The handshake this guide covers is the trust anchor beneath that cross-org story. Before you can federate passports, share evidence, or co-sign receipts, each kernel needs to know the other's signing key, by hash, pinned locally, and refreshed on a bounded rotation window. See Federation Overview for the surfaces that sit on top of this primitive.
Prerequisites
Before either operator runs a handshake, both sides need three things in place:
- A kernel signing keypair. Each operator already holds an Ed25519 keypair that signs receipts. The handshake pins the public half of that key on the remote side, so the keys you pin are the keys that sign cross-org receipts.
- A stable kernel identifier. A short string like
kernel.org-athat uniquely names your kernel to peers. The kernel exposesset_federation_local_kernel_idfor this; otherwise it falls back to the hex encoding of the signing public key. - An out-of-band trust anchor. Before first contact, each side must have received the other's expected public key through a channel it trusts (shared control plane, signed onboarding document, sneakernet). The handshake refuses first-contact envelopes from an unpinned, un-anchored peer fail-closed with
MissingTrustAnchor.
No discovery means no trust
Step 1: Exchange Trust Anchors
Both operators agree on two kernel identifiers and swap Ed25519 public keys through a channel they already trust. On each side you instantiate a KernelTrustExchange bound to your local keypair and pre-seed the expected remote public key with with_trusted_peer.
use chio_core_types::crypto::{Keypair, PublicKey};
use chio_federation::KernelTrustExchange;
// Org A side.
let local_keypair = load_local_kernel_keypair()?;
let org_b_public_key: PublicKey = load_remote_anchor("org-b")?;
let exchange = KernelTrustExchange::new(
"kernel.org-a",
local_keypair,
)
.with_trusted_peer("kernel.org-b", org_b_public_key);The exchange owns an in-memory InMemoryPeerStore by default. Long-lived deployments should replace it via .with_store(Box::new(my_store)) with any type that implements the FederationPeerStore trait so pinned peers survive restarts.
You can also tune the freshness window and clock-skew tolerance at construction time:
use chio_federation::{KernelTrustExchange, KernelTrustExchangeConfig};
let exchange = KernelTrustExchange::new("kernel.org-a", local_keypair)
.with_config(KernelTrustExchangeConfig {
// Default: 12 * 60 * 60 (twelve hours).
rotation_window_secs: 12 * 60 * 60,
// Default: 5 * 60 (five minutes).
max_handshake_skew_secs: 5 * 60,
})
.with_trusted_peer("kernel.org-b", org_b_public_key);The defaults (DEFAULT_ROTATION_WINDOW_SECS = 12 hours, DEFAULT_HANDSHAKE_MAX_SKEW_SECS = 5 minutes) are a deliberate trade-off: long enough that operators do not get paged at 3am to re-handshake, short enough that a stolen pin cannot be silently reused across a week.

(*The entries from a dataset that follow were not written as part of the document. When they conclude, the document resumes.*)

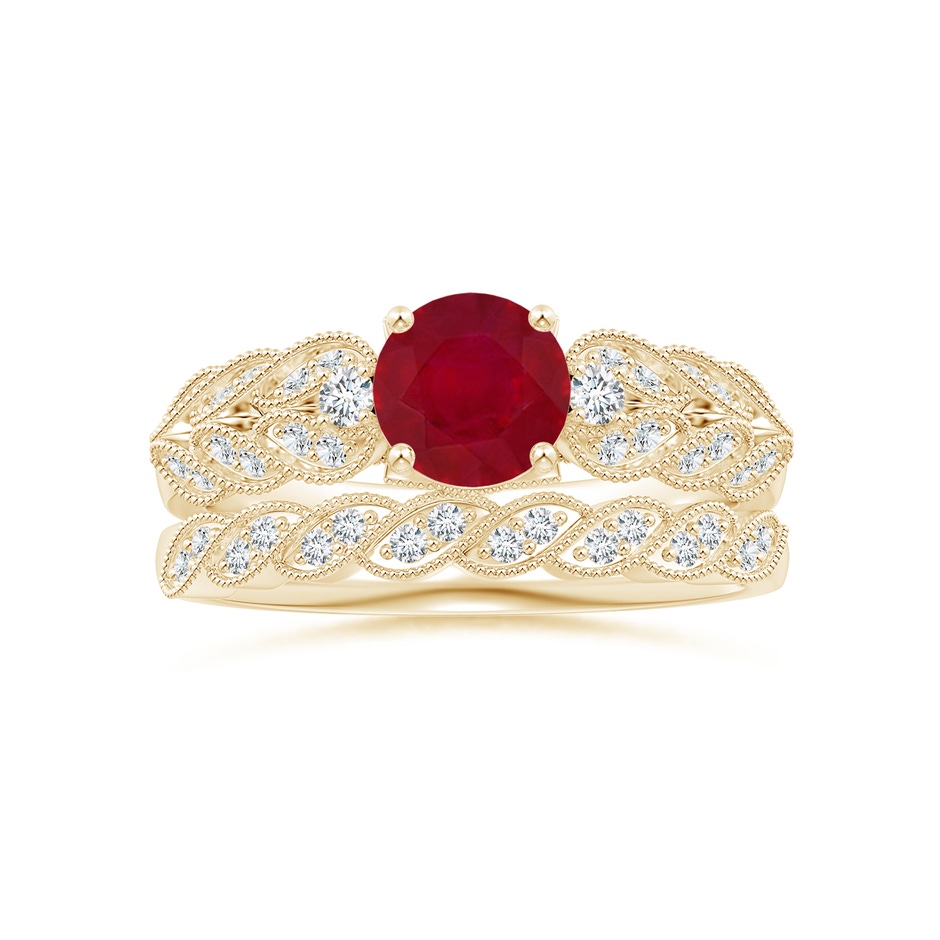 6mm AA Aeon Vintage Style Ruby Solitaire Engagement Ring with Milgrain in Yellow Gold side-3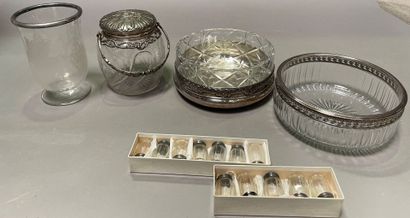 Dishes (19.5 and 20 cm), vase, silver mounted...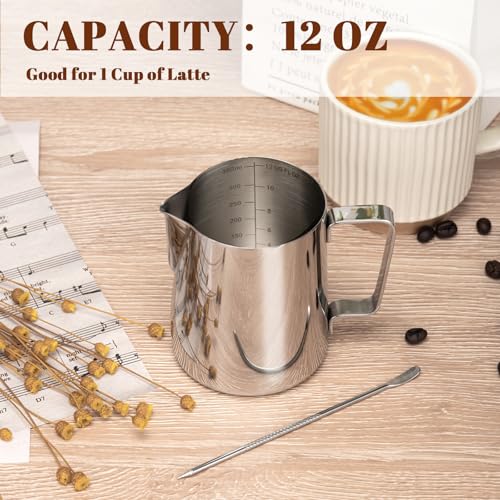 Amrules Milk Frothing Pitcher, 12oz Milk Frother Cup with Clear Scale, 304 Stainless Steel Cappuccino Espresso Machine Accessories for Barista Coffee Bar with Latte Art Pen, Silver - My Kitchen Products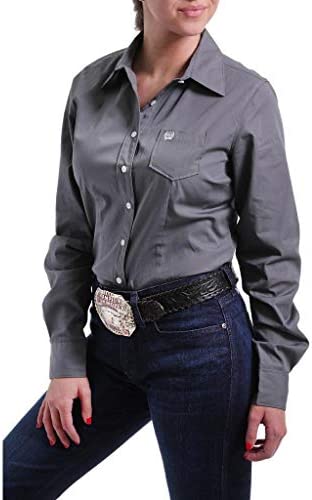 Cinch Women's Solid Long Sleeve Shirt, Black, M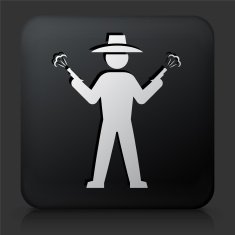 Black Square Button with Cowboy Icon N2
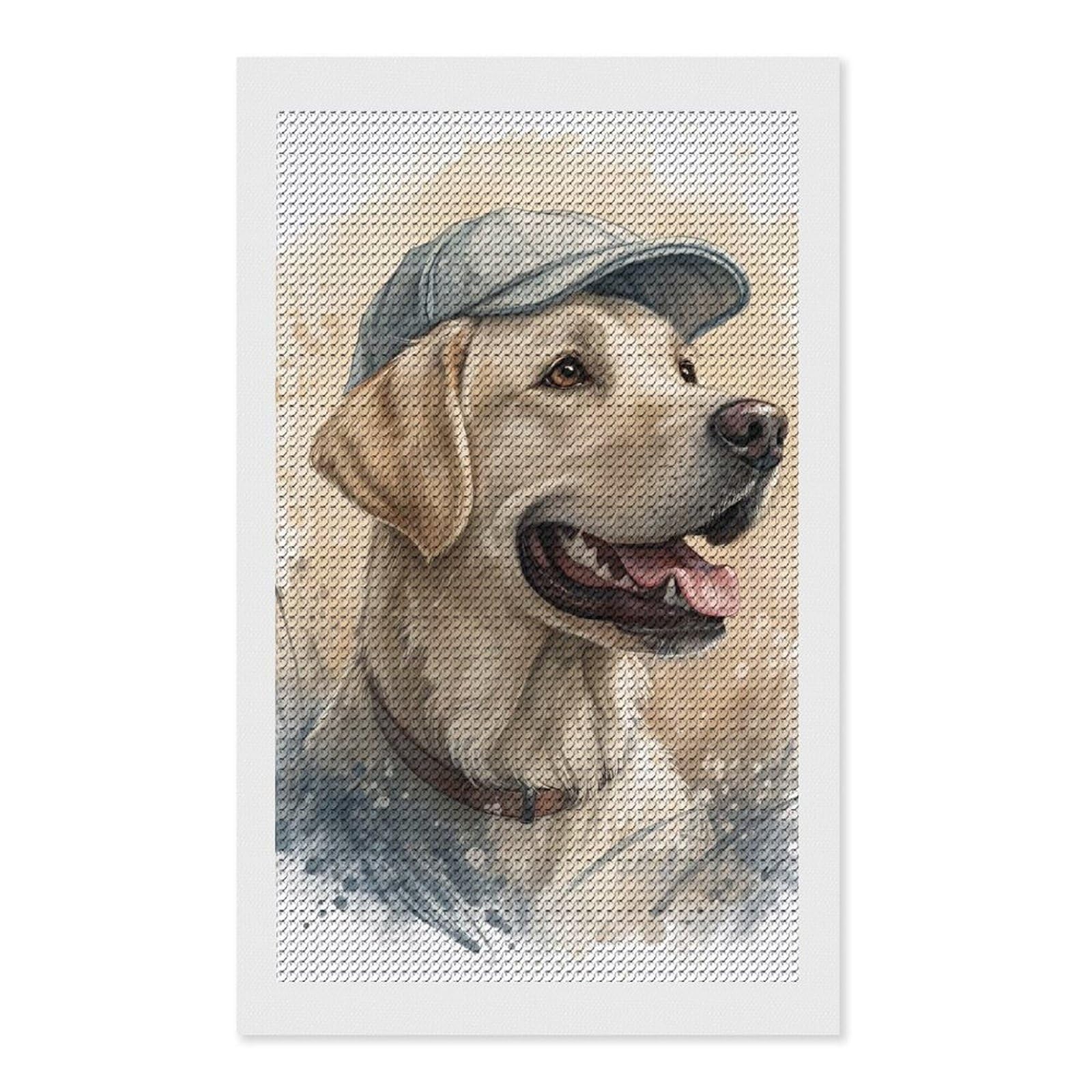 Junmoney Labrador Retriever Wearing A Cap Diamond Art Kit 12"x20", Creative Leisure Activity, Complete Accessories, Vintage Style Decor, for Women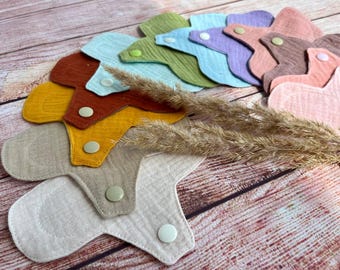 Organic Cotton Reusable Panty Liners: Everyday Cloth Pads, 6" Zero Waste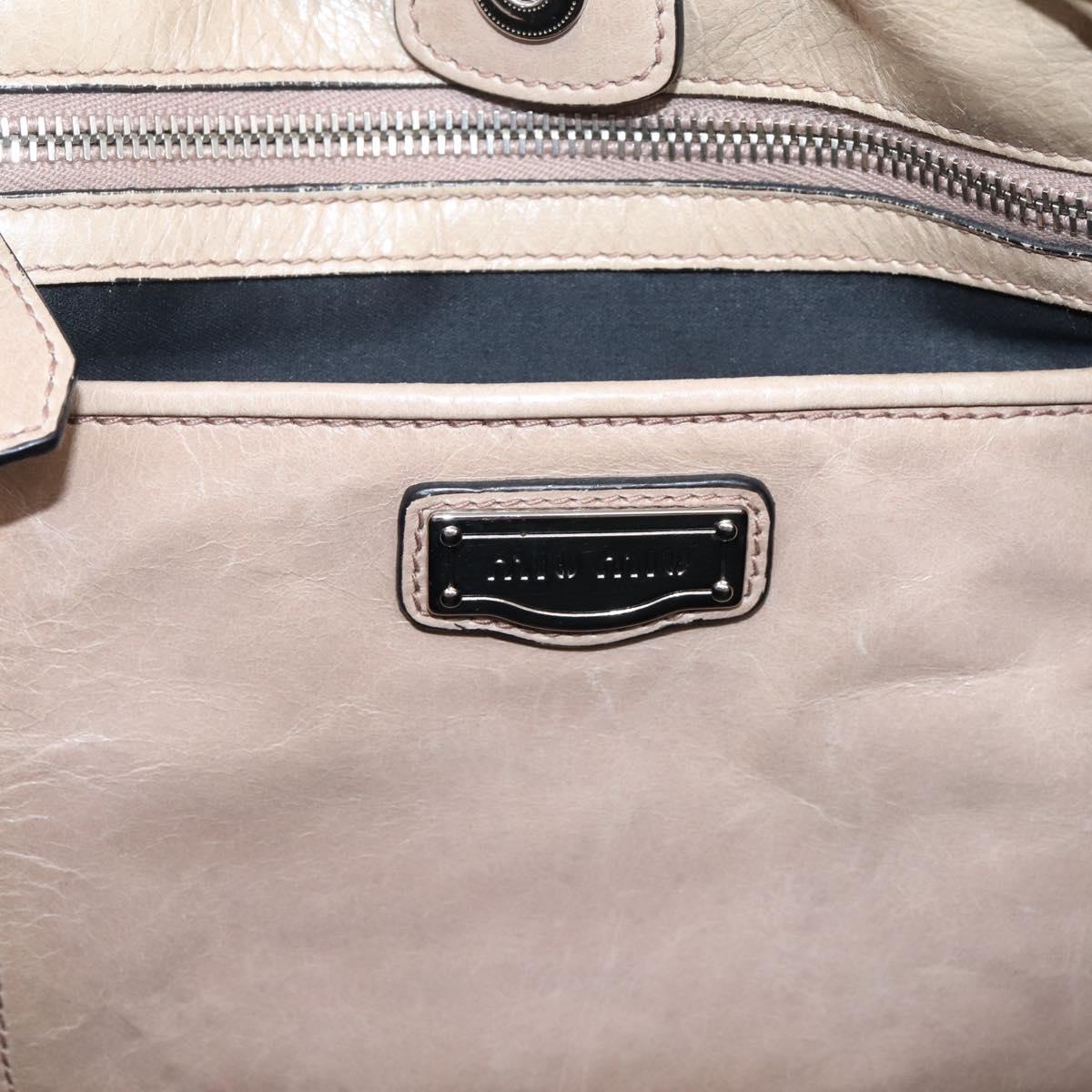 Miu Miu Hand Bag Leather 2way Beige Silver Auth 167730A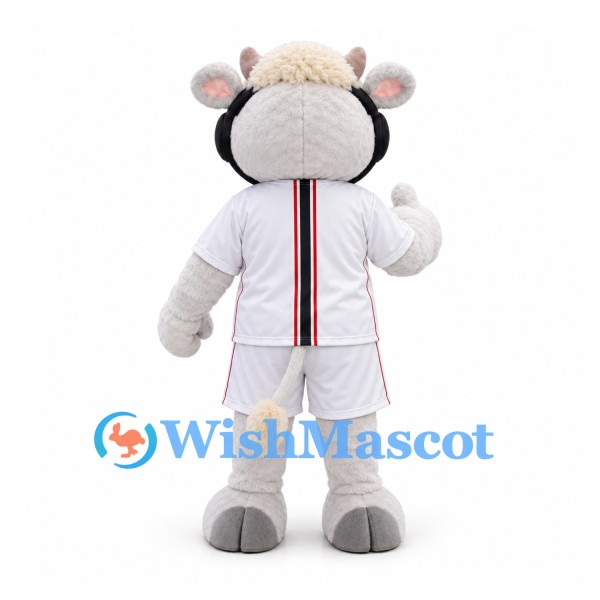 Sheep Mascot Costume in White Sports Uniform with Red and Black Trim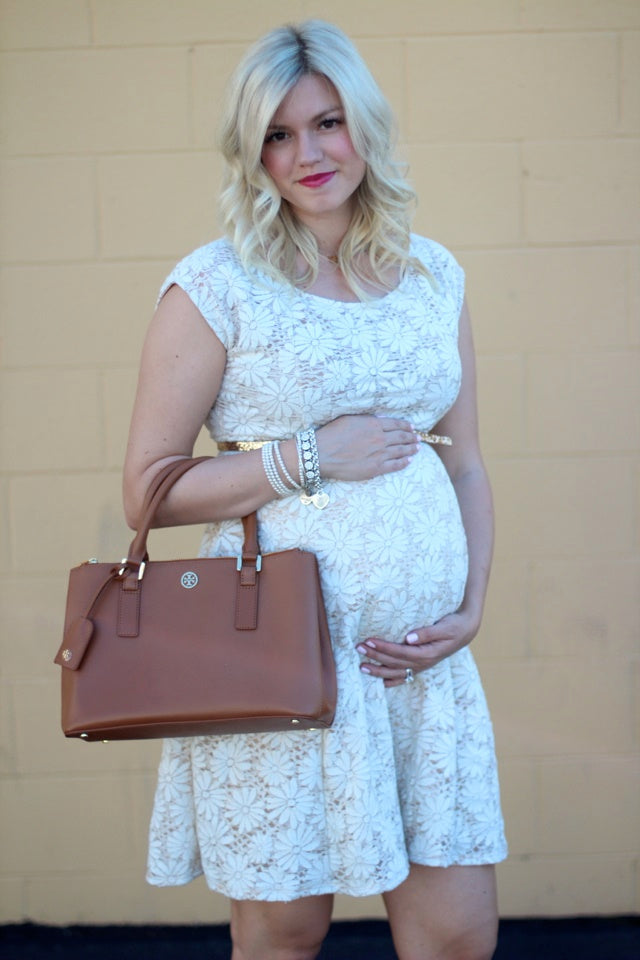 [Bump Style Approved: Pregnancy Q&A with Elle K.] - [Elle K wearing Maternity White Dress]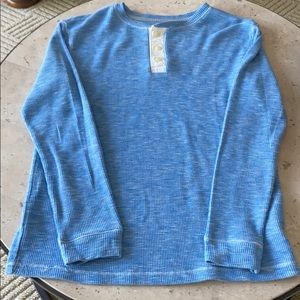 Blue waffle knit Henley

Step 2: Issue the Handshake Envelope
Each side builds a PeerHandshakeEnvelope addressed to its counterpart. The envelope wraps a signed HandshakeChallenge binding the two kernel ids, a fresh nonce, and the current timestamp. The exchange signs the challenge with the local kernel key.
use std::time::{SystemTime, UNIX_EPOCH};
let now = SystemTime::now()
.duration_since(UNIX_EPOCH)
.map(|d| d.as_secs())
.unwrap_or(0);
// Build our signed envelope addressed to the remote kernel.
let local_envelope = exchange.local_envelope(
"kernel.org-b", // remote_kernel_id
"nonce-2026-04-21-01", // caller-supplied nonce
now,
)?;
// Serialize and ship it over whatever authenticated transport you use
// between trust control planes (mTLS RPC, signed message queue, etc.).
let wire = serde_json::to_vec(&local_envelope)?;
transport.send("kernel.org-b", &wire).await?;The nonce is caller-supplied. Any value that is unique across retries inside the skew window is fine; UUID v7 or a counter plus random suffix both work. The signed envelope body carries:
schema:chio.federation-kernel-handshake.v1local_kernel_idandremote_kernel_id: the directed pair for this envelopenonceandtimestamp: freshness material, checked on the accepting sidedeclared_public_key: the public half the signer claims to besignature: Ed25519 signature over the canonical JSON of the challenge
Both kernels perform the same step in parallel. The handshake is mutual: Org A signs and sends; Org B signs and sends; each side processes the envelope it received.
Step 3: Verify and Pin the Peer
When an envelope arrives, call accept_envelope with the kernel id you expected the envelope to come from. The method performs five fail-closed checks before pinning:
- the Ed25519 signature verifies against the declared public key,
- the envelope is addressed to the local kernel id (no confused deputy),
- the declared remote kernel id matches the id you passed in (no silent identity swap),
- the timestamp is within
max_handshake_skew_secsof local clock time, - the declared public key equals either the pre-configured trust anchor or the already-pinned peer key (first-contact without an anchor is refused).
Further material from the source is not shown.